Él se atrevió a hacer algunas objeciones aún. Pero con un gesto que no admite replica, ella exigió una sumisión completa, inmediata. Entonces, resignado, él se inclinó, muy apuesto, hacia la mendiga atónica y también deslumbrada, y, muy ampliamente, muy ampliamente, como le fue ordenado, él la besó en la boca, en esa triste boca pálida por primera vez extasiada.
Luego los dos amantes se perdieron en la profundidad del bosque. La que había recibido la limosna quedó en el camino, inmóvil, más asombrada y encantada que si alguna noche de verano los cielos hubiesen dejado caer una estrella en su pobre mano tendida.
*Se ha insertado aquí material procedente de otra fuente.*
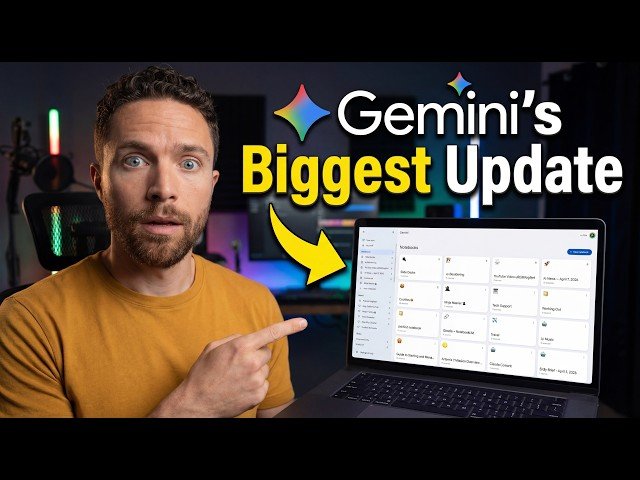 NotebookLM and Gemini Just Merged (Massive Update)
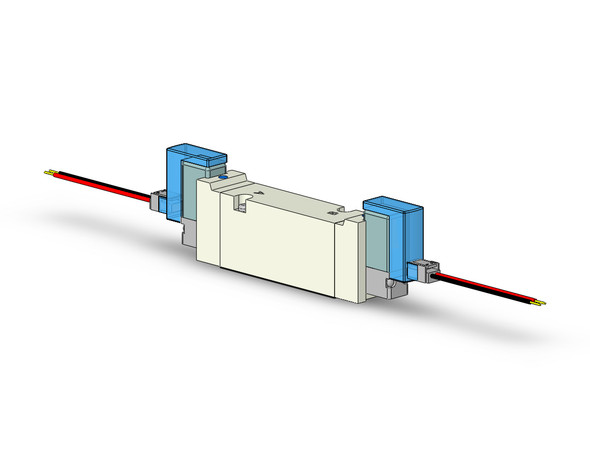 SMC VQZ3251-3L1 4/5 port solenoid valve 3000 series 5 port valve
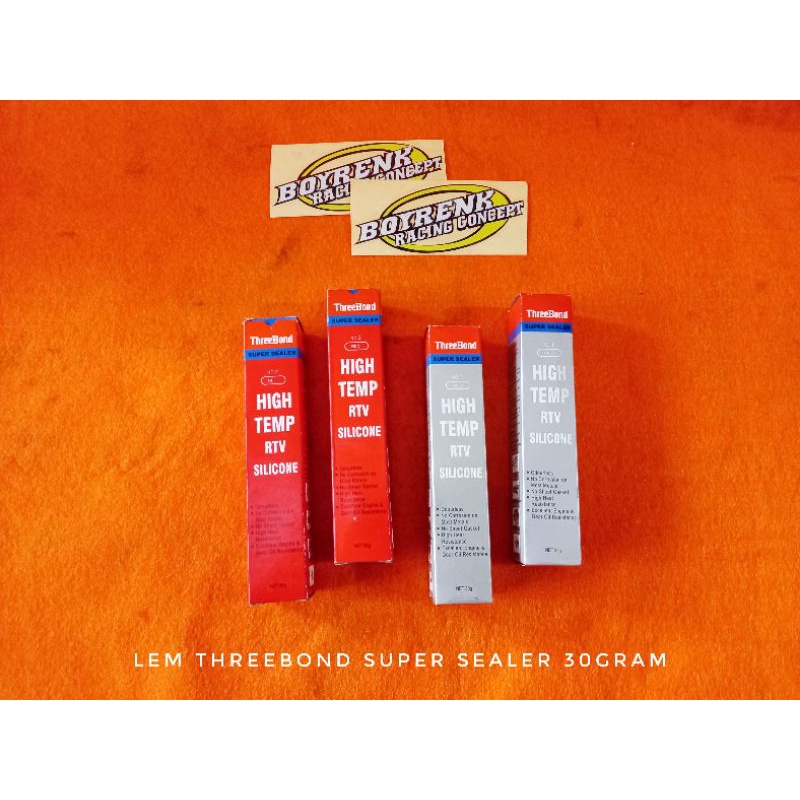 THREEBOND SUPER SEALER 30GR - LEM GASKET / PACKING / PAKING - BOYRENK RACING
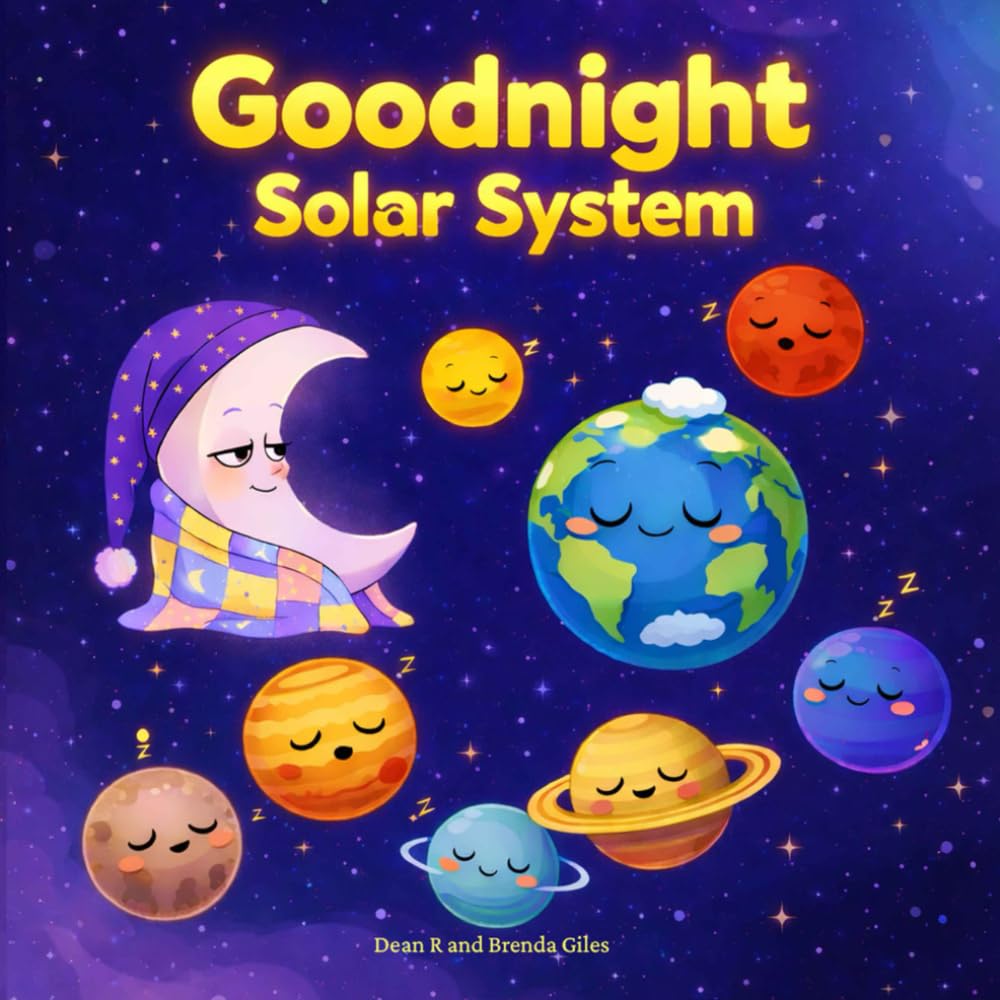 Goodnight Solar System: A Bedtime Story About Planets (Early Learner Stories)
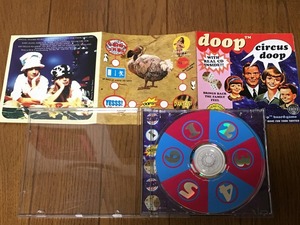CD ドゥープ　サーカスドゥープ Doop / Circus Doop 洗浄済み 中古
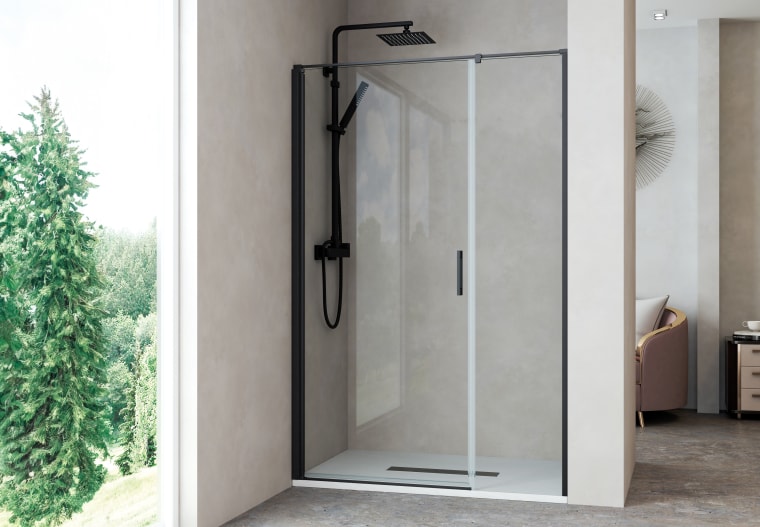 Paroi de douche pivotante Paroi de douche Kemi Principal 1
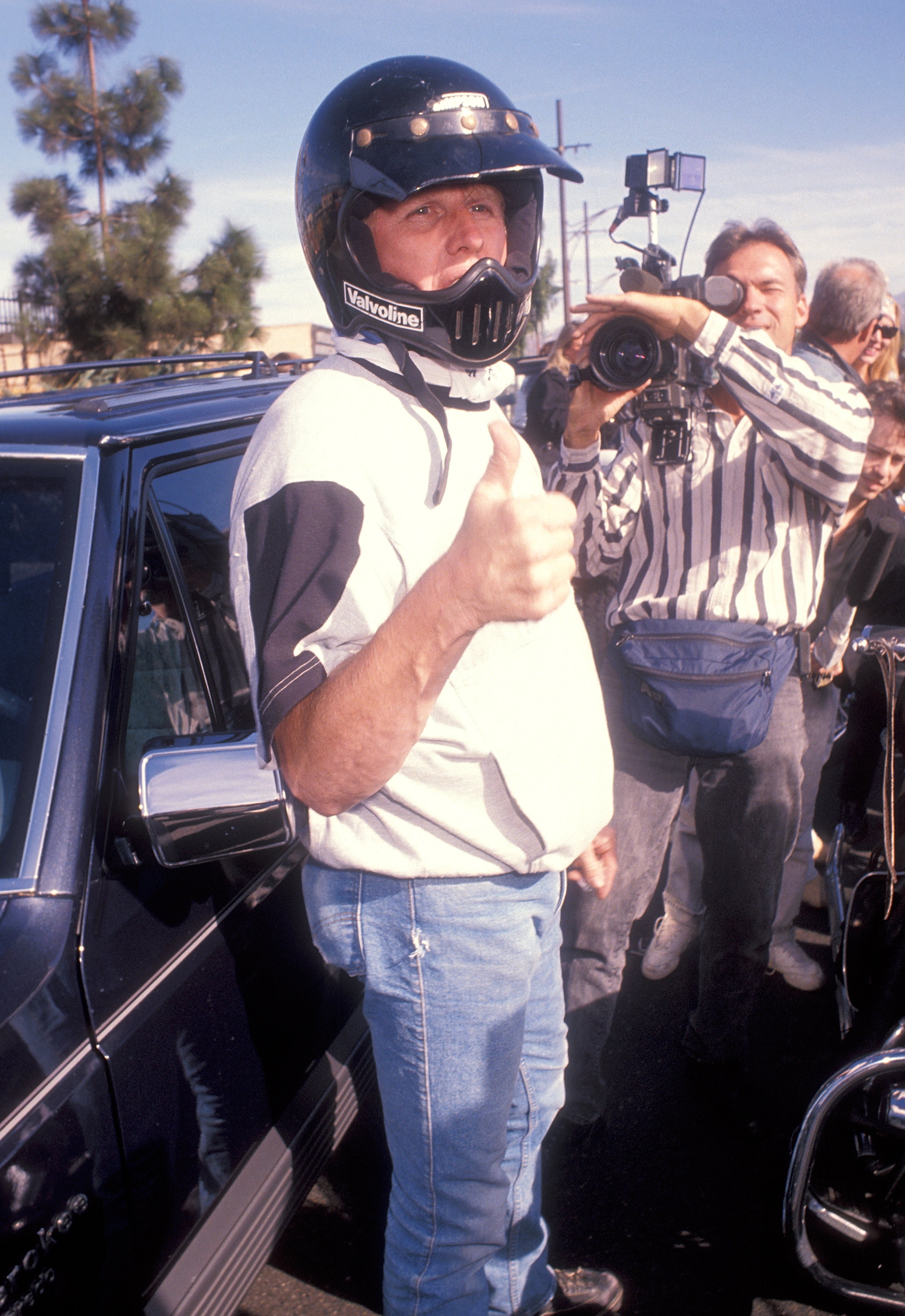 The incident left Gary Busey in a vegetative state as he had to learn to how to talk and walk again. | Source: Getty Images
¡Oh, joven mujer, oh, parisina, que de una de las delicias que te pertenecían por completo, diste una limosna a unos pobres labios sin besar!; ¡tú que, con una caricia de tu amante has consolado a la niña desheredada de las caricias!; ¡generosa donante de una parte de la más preciosa de tus riquezas!; ¡bendita seas y festejada por siempre por esa misericordia! ¡Que todas las dichas te sean concedidas en recompensa por la dicha que has dado! ¡Que siempre te ame y que nunca te engañe aquél al que tan magnánimamente obligaste a la traición!; ¡que siempre tus sonrisas, incluso ya anciana, sean envidiadas por la sonrisa de las rosas de julio! ¡que tu espejo, como salario por tu adorable bondad, te muestre eternamente una belleza sin parangón!– y, puesto que tú diste la limosna de ese beso, ¡que todos los besos, hasta el fin de tus días, te sean dulces! ¿Quien sabe, sin embargo, si creyendo ser buena no fuiste tal vez cruel, transeúnte caritativa? ¿Quién sabe si no ha quedado en los labios de la mendiga, el recuerdo devorador de tu presente? La desdichada podía soportar la desesperación de tener unos labios donde jamás se posan otros labios antes de conocer la embriaguez de la boca en la boca. ¡Ahora piensa que el paraíso es posible en la tierra! y ella ya no lo tiene, jamás tendrá ese paraíso. Tal vez deambule por las caminos y los domingos por las afueras, esperando encontrar enamorados que dan a las mendigas esas limosnas del cielo. No los encontrará, estará desolada, con la espalda apoyada en un árbol, tendiendo la mano, no atreviéndose a tender los labios, afligida y alelada; y, alguna noche sin duda por el recuerdo desesperado irá hacia el río que discurre no lejos del camino por donde tú pasaste; se inclinará hacia el agua, hacia el agua clara y negra, tan profunda, y, aspirando una última vez con sus labios su alma en el recuerdo aún de la deliciosa y fatal limosna… Pero la muerte es clemente también con las pequeñas suicidas. Tan fea cuando viva, la pobre, será menos fea muerta sobre las larga losa cuando la hayan sacado del río; más pálida, más blanca, con los ojos velados por los dulces párpados cerrados; y, a partir de ahora sin amargura, puesto que la equidad de las celestes bodas reserva a los más bellos ángeles por esposos a las más feas elegidas, el recuerdo del único minuto exquisito pondrá sobre los labios de la difunta una sonrisa esperanzada.